大きく両手を広げて、天に向かって訴えていた男は、その姿勢のまま、乾いた砂の大地にぬかずいた。


静寂が、一瞬の間、砂ぼこりの舞う大地を支配する。


すると、どうしたことか、不気味な暗天に、スッとメスを入れたような、そんな一筋の切れ目が入った。
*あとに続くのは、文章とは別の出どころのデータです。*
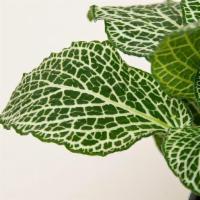Fittonia · Fittonias are commonly called “nerve plants” for the delicate, nerve-like veining on their l...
最初は、わずかな切れ目だった。それが、あれよあれよという間に、大きく広がったかと思うと、なんと、截然せつぜんと区切るように二つに割れたではないか!


さながら、神話の中に出てくる、あの海のように……。


やがて、その割れ目から幾筋もの閃光が、闇を切り裂き、しのずく雨のように大地に突き刺さった。追いかけて、耳をつんざくような雷鳴が、辺りに轟いた。


それが、しばらくの間、幾度も、繰り返された。


するとその切れ間から、鋭いとげのような閃光がふいに、雷鳴とともに走った。と思う間もなく、それが、電光石火の如く、男のからだを突き刺した!


「ううっ」


思わず、男はその痛みにうめき、乾いた砂の大地に、ばたりと突っ伏してしまった。


そうやって、卒倒した男は、やがて、奇妙な世界へと否でも応でも連れて行かれるのであった。